Reputation: 123
I am new to SQL Server and learning things with the help of Hacker Rank
Question - https://www.hackerrank.com/challenges/occupations/problem
query (with this we get all the rows)-
SELECT
[Doctor], [Professor], [Singer], [Actor]
FROM
(
SELECT ROW_NUMBER() OVER (PARTITION BY OCCUPATION ORDER BY NAME) [RowNumber], * FROM OCCUPATIONS
) AS tempTable
PIVOT
(
MAX(NAME) FOR OCCUPATION IN ([Doctor], [Professor], [Singer], [Actor])
) AS pivotTable
with out the subquery (we get only one row as min or max takes one row from each occupation)-
SELECT [Doctor], [Professor], [Singer], [Actor]
FROM occupations as t
PIVOT
(
max(name)
FOR occupation IN ([Doctor], [Professor], [Singer], [Actor])
) AS P
so, what is the difference between two queries? how does SELECT ROW_NUMBER() OVER (PARTITION BY OCCUPATION ORDER BY NAME) [RowNumber], * FROM OCCUPATIONS
make any difference?
Upvotes: 0
Views: 480
Reputation: 1157
This is a good question. ROW-NUMBER() is used in writing many SQL queries. Here what matters is partition by clause. This query uses occupation to partition where it groups each occupation and assign the row number. So, we get a result like this,
Then it sends the result to pivot, so it pivots the partitions and select the max(name) from partitions. in this case we get multiple rows with Null for the missing values.

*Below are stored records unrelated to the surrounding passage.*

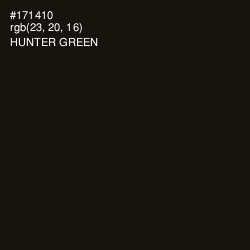 #171410 - Hunter Green Color Image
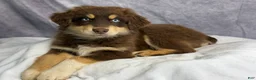 Australian Shepherd dogs for sale: Australian Shepherd Teddy Bear - Ad 15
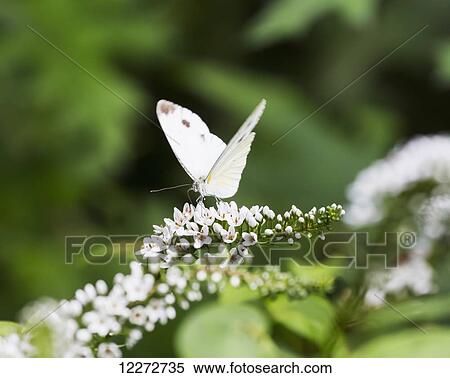 Butterfly, Mount Huangshan, Anhui, China View Large Photo Image Stock Photography - Butterfly, Mount Huangshan, Anhui, China. Fotosearch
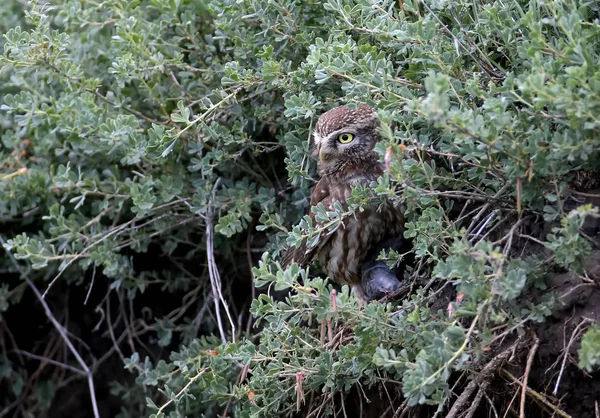 Ungewöhnlicher Blick auf erwachsene kleine Eule im großen Gras — Stockfoto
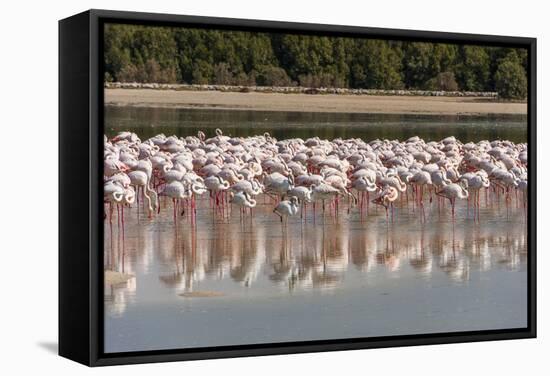 Arabia, Arabian Peninsula, the Persian Gulf-Udo Bernhart-Framed Stretched Canvas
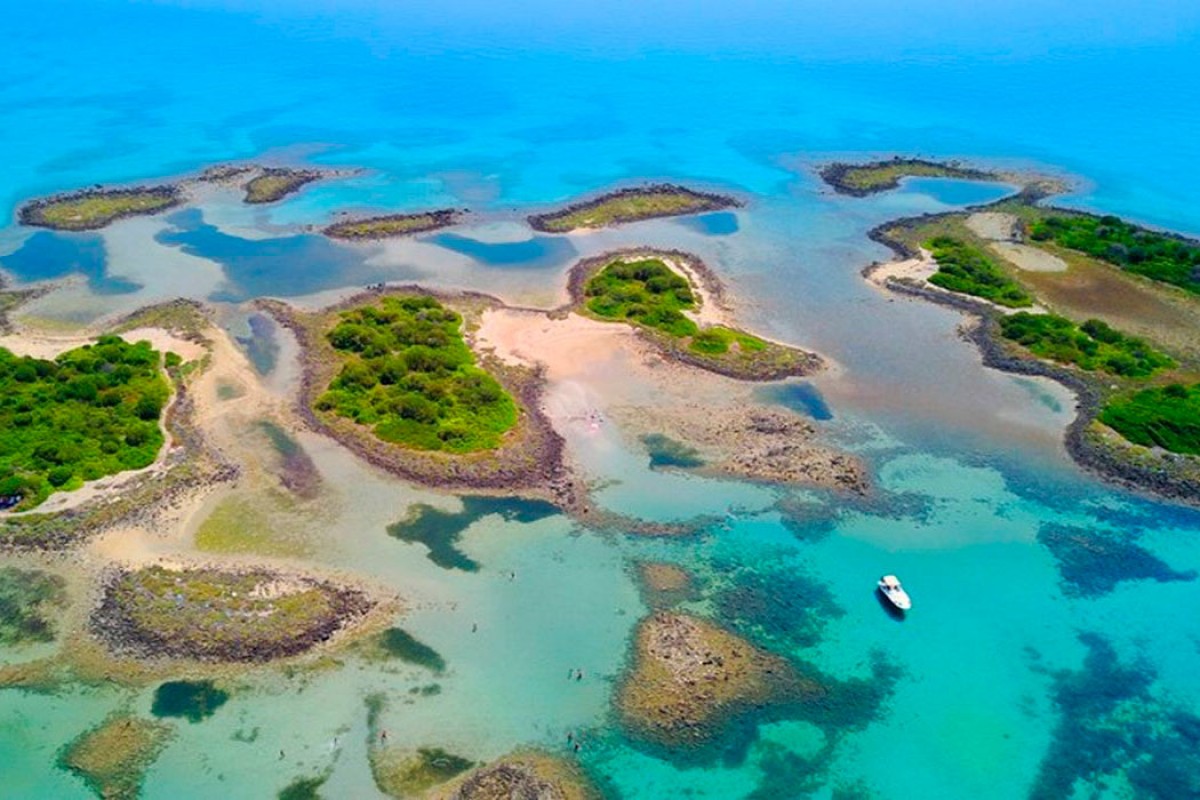 Imatge il·lustrativa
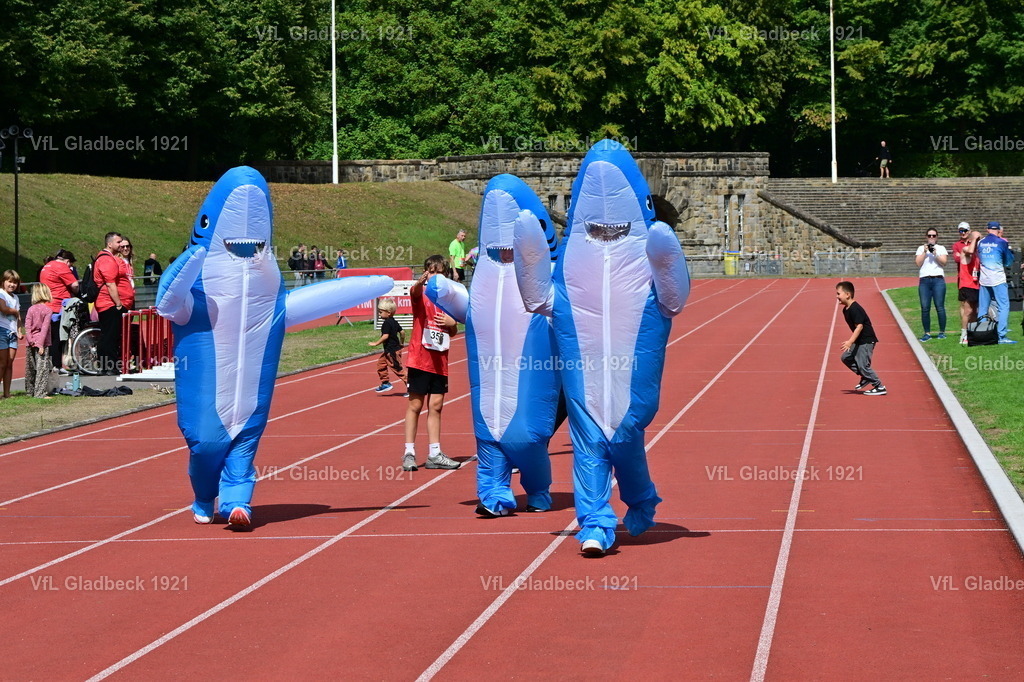 2026-08-23_Sparkassenlauf_Haie_00015 | Die Fotografen - Realisiert mit Pictrs.com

But when we use select table query without windows aggregation and occupation parttion, We will get only one raw as it finds the the possible result from all records by based on occupaton. This case we will end up with one raw which contains the max(name)
Result:
Therefore, remember the column we use for partition should be considered in this kind of queries. It makes sense.
Upvotes: 1
Reputation: 4187
You only have the columns Name and Occupation - if you pivot by Occupation and aggregate the name only one row will be returned. By adding the row_number the aggregation will not reduce the output to a single row since each row has a differnet row_number.
Upvotes: 1